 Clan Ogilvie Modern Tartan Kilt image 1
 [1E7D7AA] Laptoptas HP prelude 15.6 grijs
——
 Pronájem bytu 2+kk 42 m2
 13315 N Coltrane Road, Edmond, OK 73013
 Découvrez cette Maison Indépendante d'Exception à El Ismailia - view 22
——
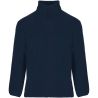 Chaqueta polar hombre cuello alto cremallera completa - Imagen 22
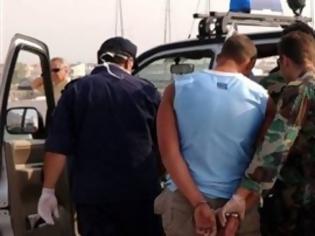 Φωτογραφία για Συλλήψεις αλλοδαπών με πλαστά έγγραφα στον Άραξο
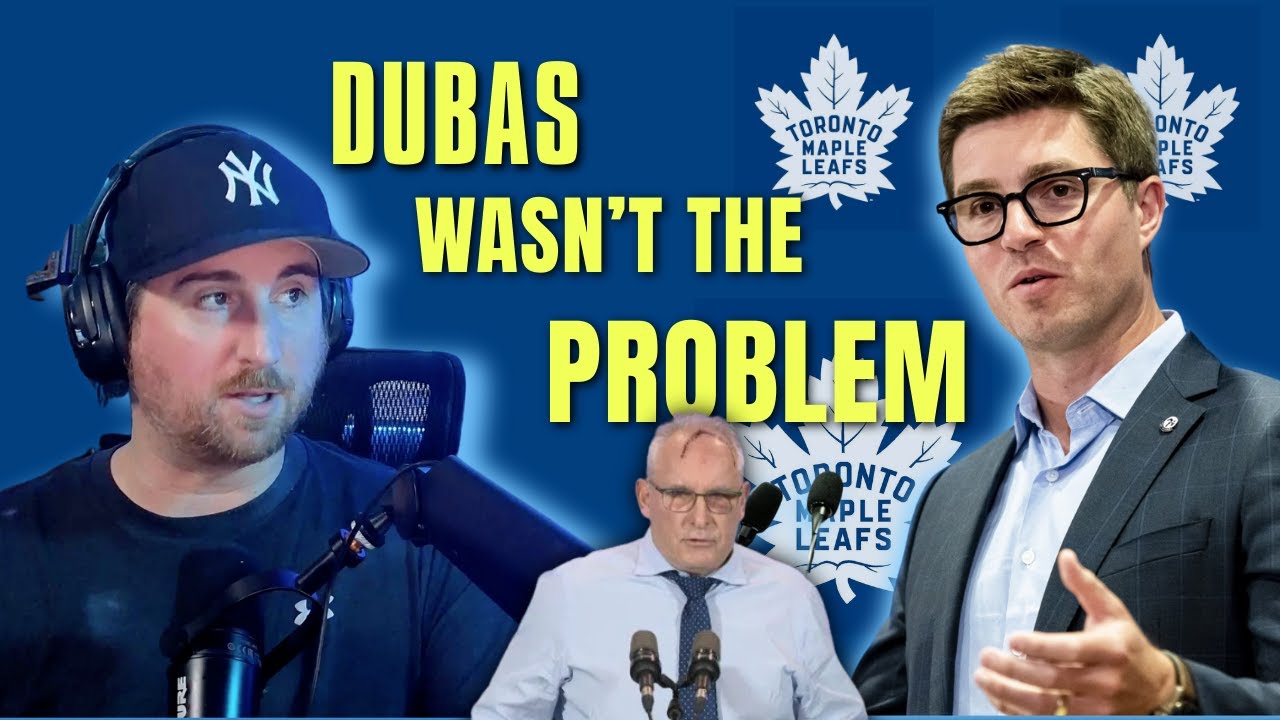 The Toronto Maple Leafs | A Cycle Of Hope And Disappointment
——
▸ WHAT YOU HAVE TO DO
Copy the stretch of the records above that runs from the line with "Pronájem bytu 2+kk 42 m2" through the line with "Découvrez cette Maison". Both end lines belong in the copy, and nothing else does.

▸ SOLUTION FOR THIS EXERCISE
 Pronájem bytu 2+kk 42 m2
 13315 N Coltrane Road, Edmond, OK 73013
 Découvrez cette Maison Indépendante d'Exception à El Ismailia - view 22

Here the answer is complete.